GPU Gems 2

GPU Gems 2

GPU Gems 2 is now available, right here, online. You can purchase a beautifully printed version of this book, and others in the series, at a 30% discount courtesy of InformIT and Addison-Wesley.

The CD content, including demos and content, is available on the web and for download.

Chapter 41. Deferred Filtering: Rendering from Difficult Data Formats

Joe Kniss
University of Utah

Aaron Lefohn
University of California, Davis

Nathaniel Fout
University of California, Davis

In this chapter, we describe a toolkit of tricks for interactively rendering 2D and 3D data sets that are stored in difficult formats. These data formats are common in GPGPU computations and when volume rendering from compressed data. GPGPU examples include the "flat 3D textures" used for cloud and fire simulations and the sparse formats used for implicit surface deformations. These applications use complex data formats to optimize for efficient GPU computation rather than for efficient rendering. However, such nonstandard and difficult data formats do not easily fit into standard rendering pipelines, especially those that require texture filtering. This chapter introduces deferred filtering and other tips and tricks required to efficiently render high-quality images from these complex custom data formats.

41.1 Introduction

The key concept for achieving filtered, interactive rendering from difficult data formats is deferred filtering. Deferred filtering is a two-pass rendering approach that first reconstructs a subset of the data into conventional 2D textures. A second pass uses the hardware's native interpolation to create high-quality, filtered renderings of 2D or 3D data. The algorithm is incremental, such that rendering 3D data sets requires approximately the same amount of memory as rendering 2D data.

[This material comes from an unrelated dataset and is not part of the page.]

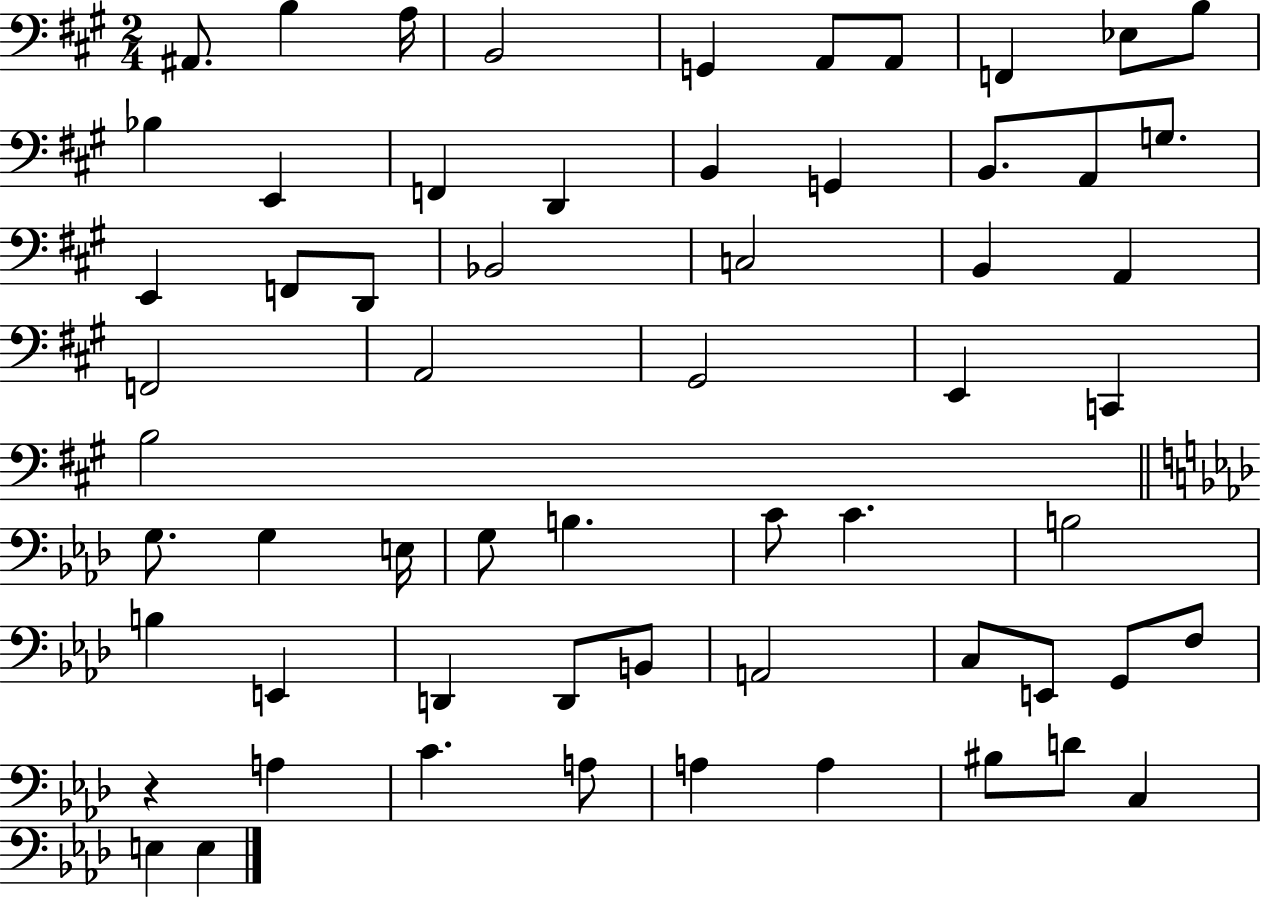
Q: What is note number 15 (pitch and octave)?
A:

The deferred filtering approach is relevant to GPGPU computations that simulate or compress 2D and 3D effects using a difficult or nonstandard memory layout, as well as volume renderers that use compressed data formats. Relevant GPGPU applications include sparse computations and flat 3D textures (see Chapter 33, "Implementing Efficient Parallel Data Structures on GPUs"). Traditionally, high-quality rendering of these data sets requires that interpolation be done "by hand" in a fragment program, which in turn requires the reconstruction of multiple neighboring data samples. This approach leads to an enormous amount of redundant work.

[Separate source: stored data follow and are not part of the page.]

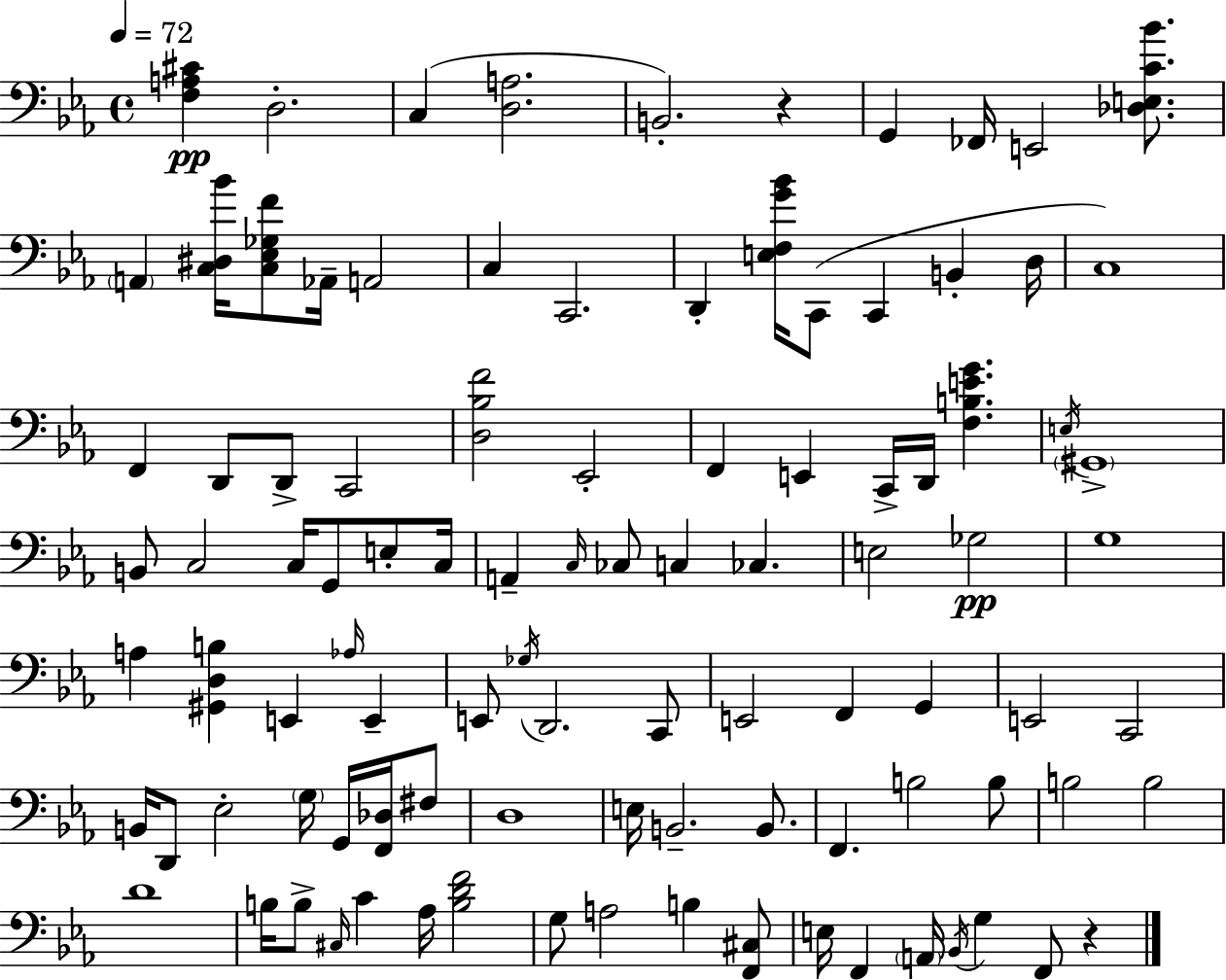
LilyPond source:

{
  \clef bass
  \time 4/4
  \defaultTimeSignature
  \key ees \major
  \tempo 4 = 72
  <f a cis'>4\pp d2.-. | c4( <d a>2. | b,2.-.) r4 | g,4 fes,16 e,2 <des e c' bes'>8. | \break \parenthesize a,4 <c dis bes'>16 <c ees ges f'>8 aes,16-- a,2 | c4 c,2. | d,4-. <e f g' bes'>16 c,8( c,4 b,4-. d16 | c1) | \break f,4 d,8 d,8-> c,2 | <d bes f'>2 ees,2-. | f,4 e,4 c,16-> d,16 <f b e' g'>4. | \acciaccatura { e16 } \parenthesize gis,1-> | \break b,8 c2 c16 g,8 e8-. | c16 a,4-- \grace { c16 } ces8 c4 ces4. | e2 ges2\pp | g1 | \break a4 <gis, d b>4 e,4 \grace { aes16 } e,4-- | e,8 \acciaccatura { ges16 } d,2. | c,8 e,2 f,4 | g,4 e,2 c,2 | \break b,16 d,8 ees2-. \parenthesize g16 | g,16 <f, des>16 fis8 d1 | e16 b,2.-- | b,8. f,4. b2 | \break b8 b2 b2 | d'1 | b16 b8-> \grace { cis16 } c'4 aes16 <b d' f'>2 | g8 a2 b4 | \break <f, cis>8 e16 f,4 \parenthesize a,16 \acciaccatura { bes,16 } g4 | f,8 r4 \bar "|."
}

Deferred filtering was first described in Lefohn et al. 2004. The paper presents algorithms for interactively computing and rendering deformable implicit surfaces. The data are represented in a sparse tiled format, and deferred filtering is a key component of the interactive volume rendering pipeline described in the paper. In this chapter we expand and generalize their description of the technique.

41.2 Why Defer?

Let's examine a simple scenario: imagine that you are rendering a volumetric effect such as a cloud or an explosion, and the 3D data have been compressed using vector quantization (see Schneider and Westermann 2003). This scheme compresses blocks of data by using a single value, called the key. The key value is used as an index into a code book, which allows blocks of data with similar characteristics to share the same memory. Reconstructing these data requires you first to read from the key texture, and then to read from the corresponding texel in the code book texture. Let's imagine that it takes four fragment program instructions to reconstruct a single texel.

One problem with this approach is that you cannot simply enable linear texture interpolation on the GPU and expect a smoothly filtered texture. Instead, linear interpolation must be implemented "by hand" as part of your fragment program. In practice, this is so expensive that renderers often resort to nearest-neighbor sampling only and forgo filtering completely. See Figure 41-1, top right. To perform "by-hand" filtering means we must reconstruct the 8 nearest texels and then perform 7 linear interpolations (LERPs) to get just a single trilinearly filtered value for each rendered fragment. Let's say that the original data size is 1283 voxels, the rendering fills a viewport of size 2562 (that is, the rendering magnifies the data by 2x), and we are sampling the data twice per voxel. The number of fragments rendered would be 256 x 256 x 128 x 2, which totals approximately 16 million fragments. Now let's look at the number of fragment program instructions per fragment: 8 x 4 (8 texels times 4 instructions for each reconstruction) + 8 (texture reads) + 14 (for trilinear interpolation; LERP and ADD), which equals 54 instructions per filtered texture read. This brings us to a grand total of one billion fragment instructions for this simple rendering. As you can imagine, this might put a damper on your application's interactivity.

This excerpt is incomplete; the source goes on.